А вот как описывает Саша своих соучеников.

«У нас были, — пишет он, — еще особого рода ученики, — это аристократы. Таковыми считались дети судьи, городничего, исправника и т. п. С этими господами каждый школьник положил себе за правило не связываться. Эти ученики составляли какую-то независимую, отдельную нацию.

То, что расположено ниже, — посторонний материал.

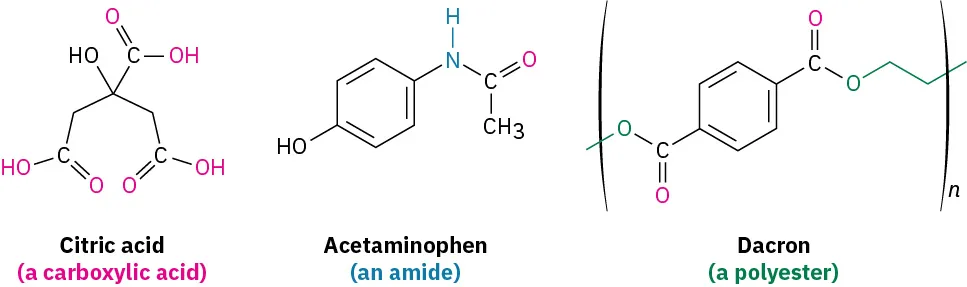 The structures of three compounds. Citric acid has a carboxylic acid functional group, acetaminophen has an amide functional group, and dacron which is polyester.
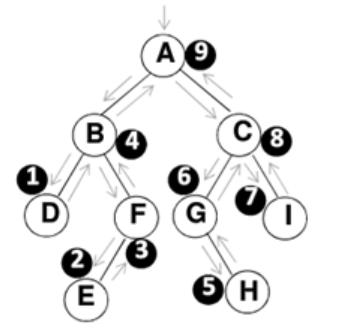 分析Java数据结构与算法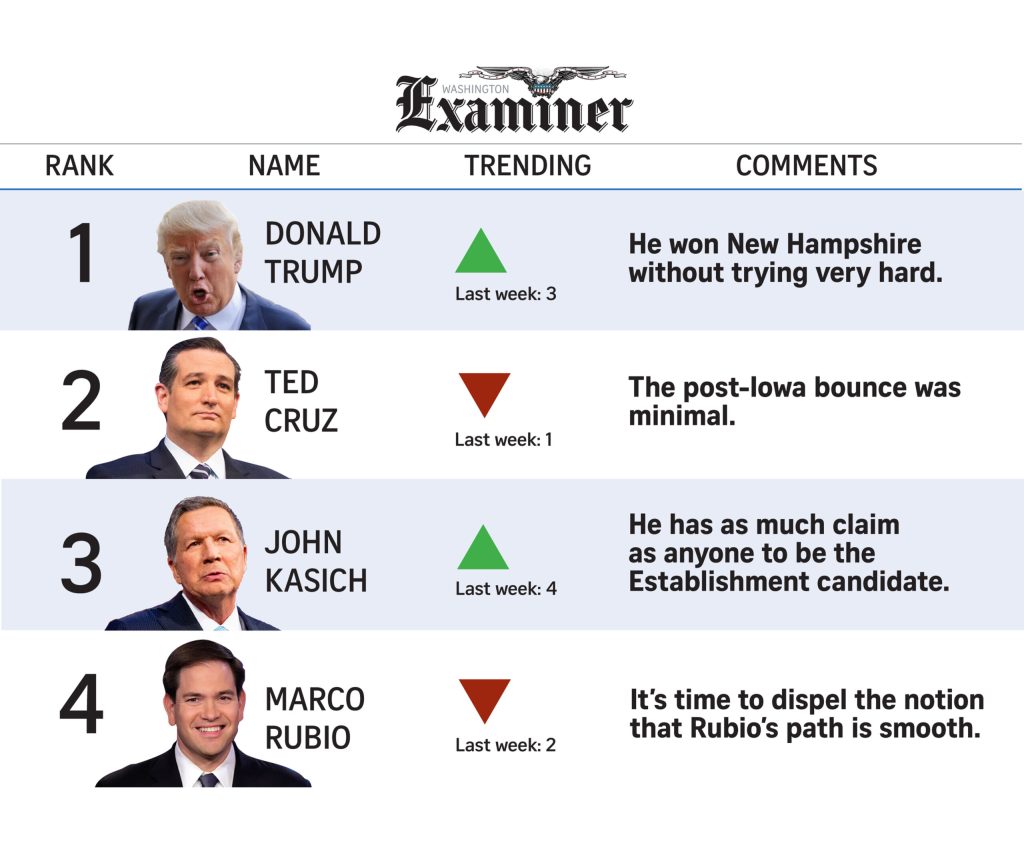 Trump comes roaring back against Rubio, Cruz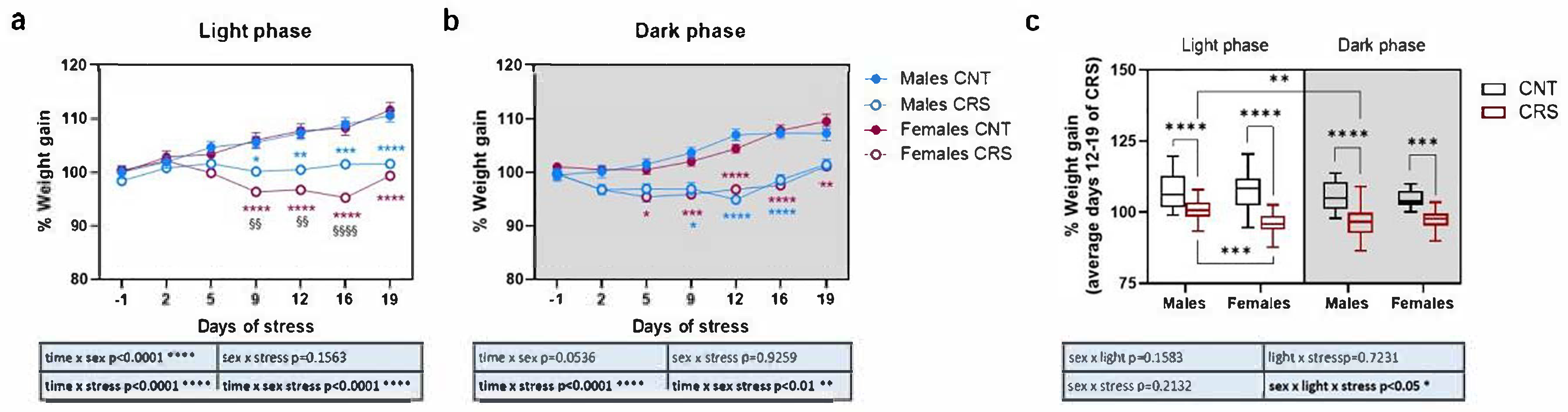 Preprints 161924 g001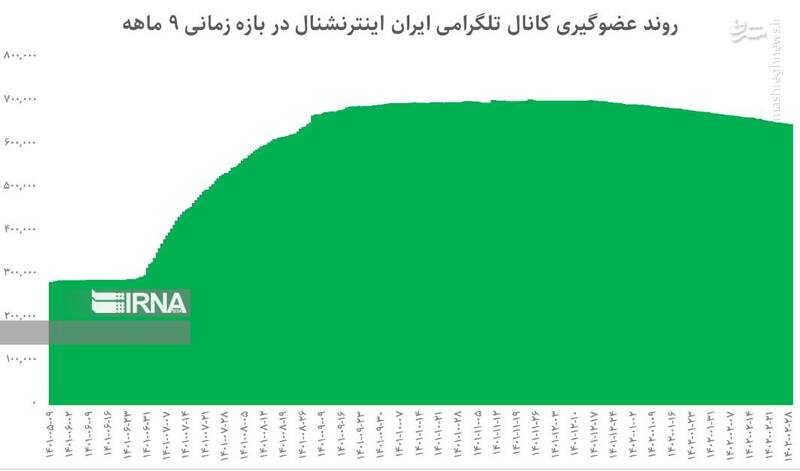 چگونه «ایران اینترنشنال» در سراشیبی قرار گرفت؟+ نمودار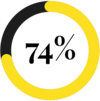 pourcentage-74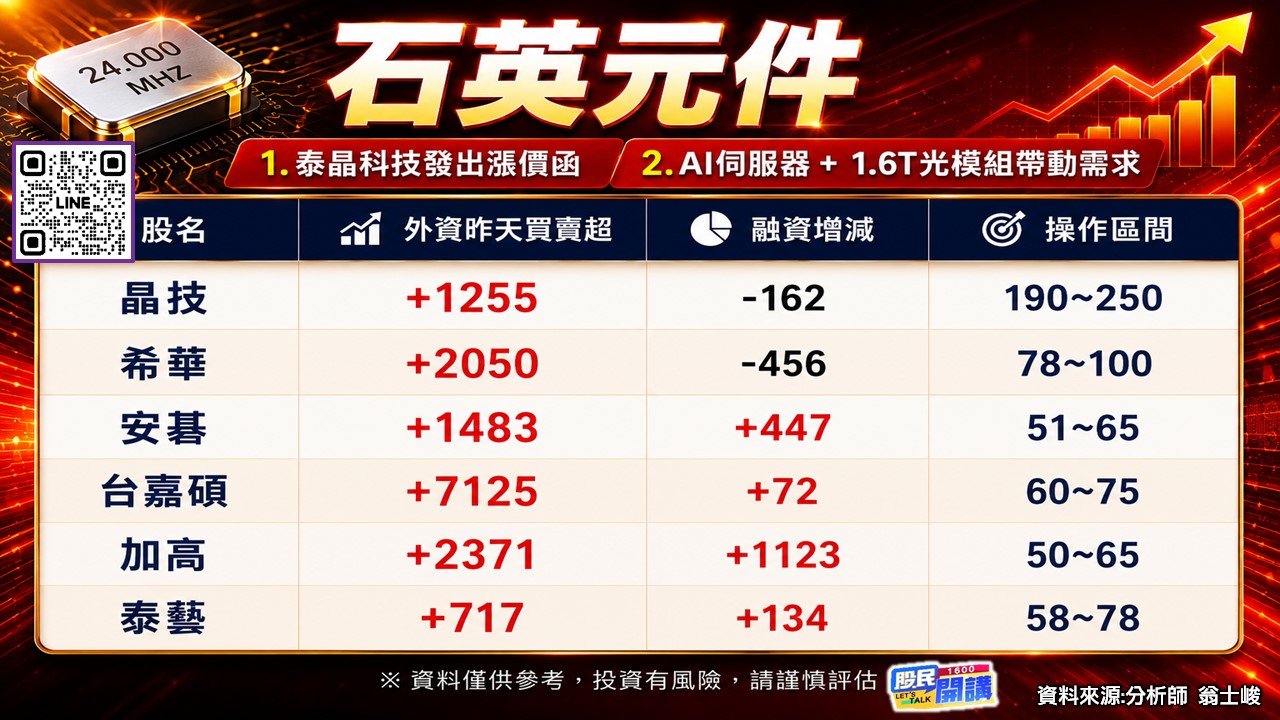 [股民開講]20260702-翁-02-石英元件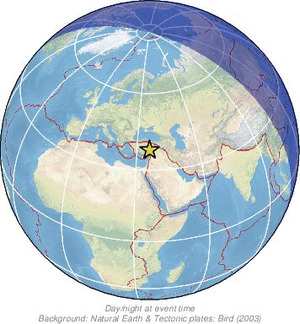 Global view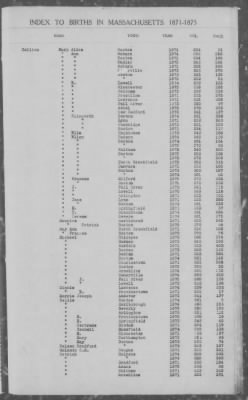 Thumbnail for Births > 1871 - 1875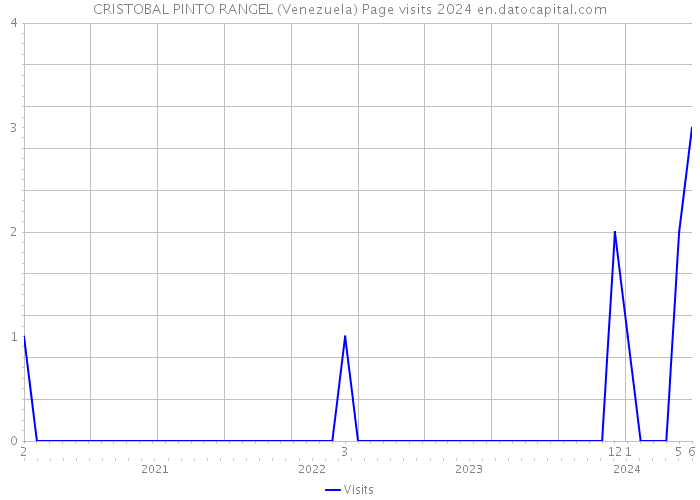 CRISTOBAL PINTO RANGEL (Venezuela) Page visits 2024 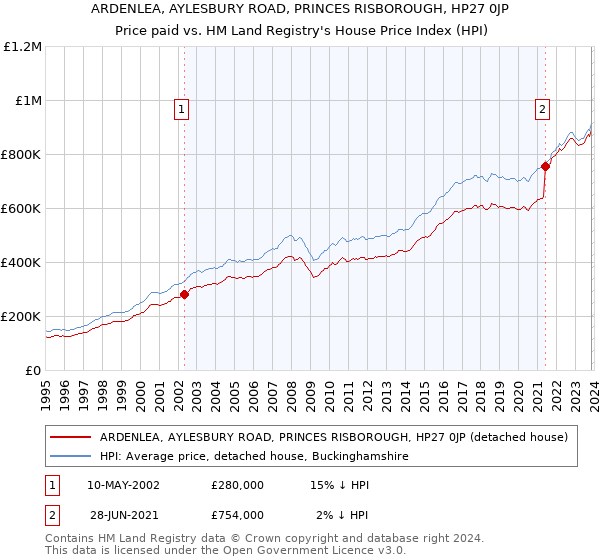 ARDENLEA, AYLESBURY ROAD, PRINCES RISBOROUGH, HP27 0JP: Price paid vs HM Land Registry's House Price Index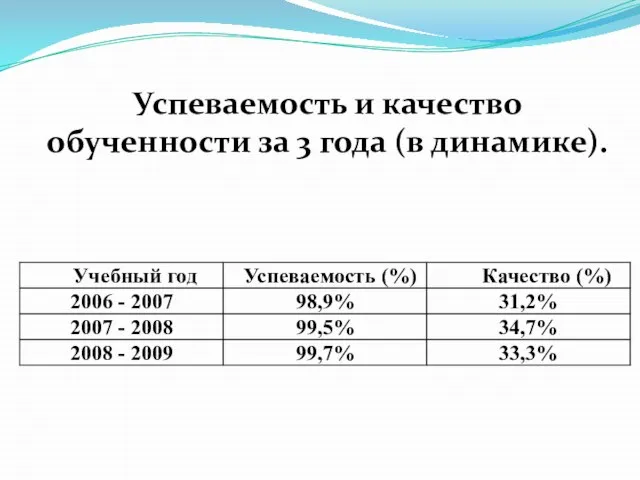 Успеваемость и качество обученности за 3 года (в динамике).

Никто не входил с ними в короткое знакомство; они не мешались в школьные игры и шалости и, по словам одного ученика, недостойны были даже названия школьников». Как видно, Столетов уже тогда не жаловал своим расположением власть имущих.

Подросток в том немногом, что открывалось его глазам, разглядел отвратительные черты системы раболепия, взяточничества, подкупа, господствовавшей в николаевской России.

«Приезд ревизора, — читаем мы, — знаменовался всегда необыкновенными происшествиями. В это время смотритель собирал ясак дичью и телятиной с своих учеников. Всякому вменялось в обязанности принести с собой петуха, курицу, кувшин молока, окорок или что-нибудь подобное. Всеми этими приношениями снабжали на всякий случай ревизора для утишения его гнева. Это делалось также с политикой: смотритель приносил ревизору сперва малую толику, и потом, если тот еще бушевал, постепенно подбавлял ему, пока наконец блюститель закона, искушенный свежей дичью и сладким молоком, утишал свое правосудное негодование. Если же он был не очень сердит и сразу поддавался, то весь остаток принадлежал смотрителю. Таким образом смотритель удобрял ревизора, как земледелец — рыхлую почву, и он беспрекословно поддавался на эти хитрости. У нас в школе, как и во всем мире, все имело философию и политику. Сторожа, ученики, учителя — все вообще действовали во всем согласно своим интересам. Начиная с последнего сторожа, который отпускал домой оставленного без обеда лентяя, если тот давал ему пятак серебра или гривну на водку, до смотрителя, этого важного для нас лица, но немилосердно гнувшегося и унижавшегося в присутствии директора или ревизора, — все жило на расчетах».